● Assigned task:
Starting with the line that includes "Foto - Keçi", write out every remaining line of the records below exactly as it appears, leaving out any images.

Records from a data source
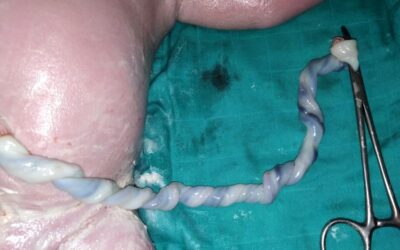 Can The Umbilical Cord Around The Neck Cause A Brain Injury?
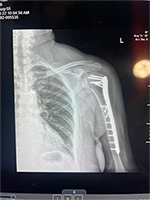 Patient Success Story 1-1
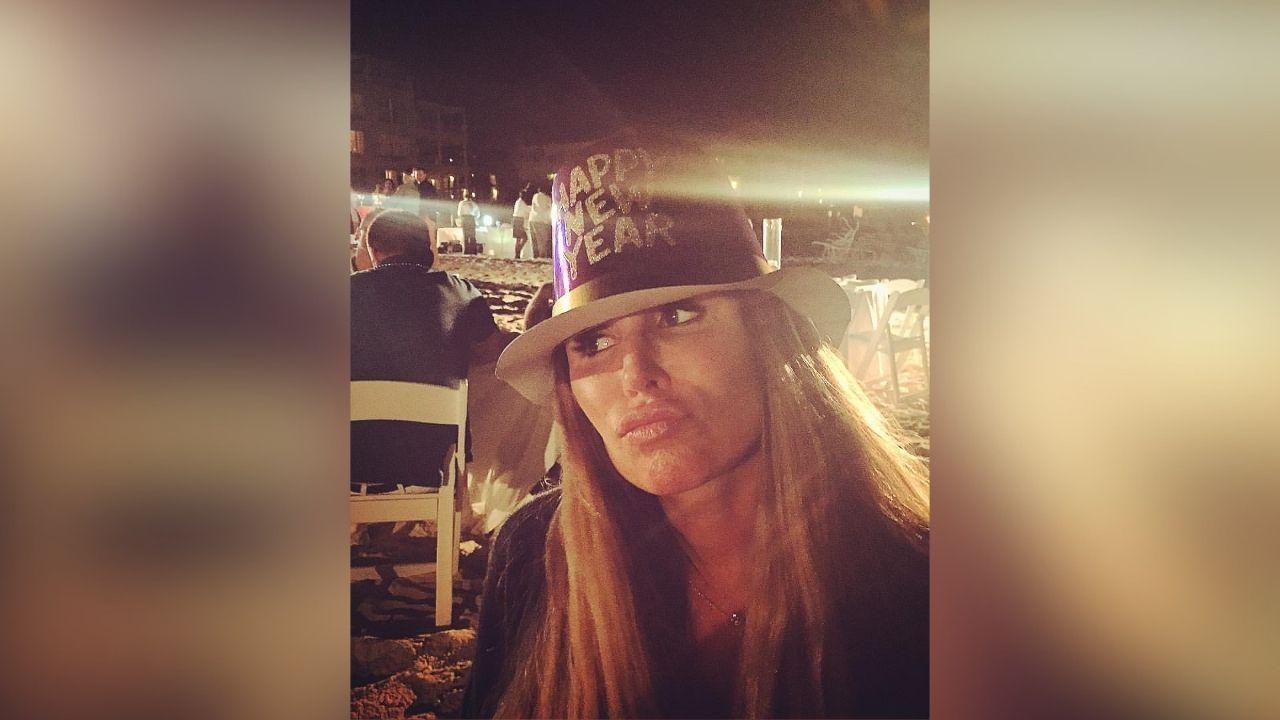 rachel uchitel dramatic facelift transformation before after photos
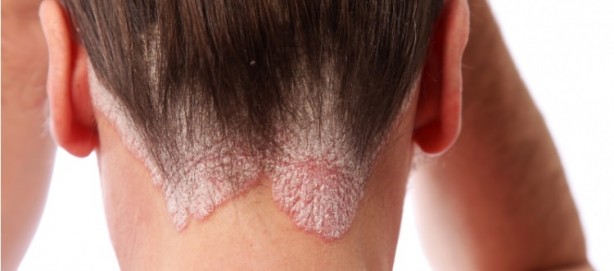 Foto - Keçi sütü sabunuyla siyah noktalardan kurtulun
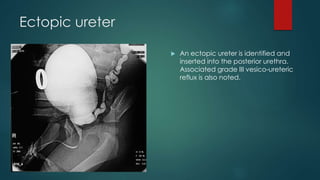 Ectopic ureter
 An ectopic ureter is identified and
inserted into the posterior urethra.
Associated grade III vesico-ureteric
reflux is also noted.
 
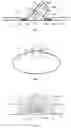 Fig. 04 - EASILY FORMED ARM EXTERNAL FIXING BRACE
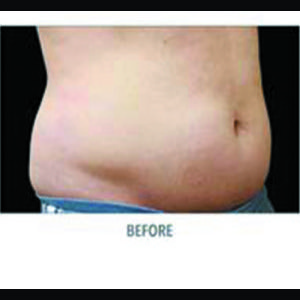Before-CoolSculpting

● Response to the task:
 Foto - Keçi sütü sabunuyla siyah noktalardan kurtulun
 Ectopic ureter
 An ectopic ureter is identified and
inserted into the posterior urethra.
Associated grade III vesico-ureteric
reflux is also noted.
 
 Fig. 04 - EASILY FORMED ARM EXTERNAL FIXING BRACE
Before-CoolSculpting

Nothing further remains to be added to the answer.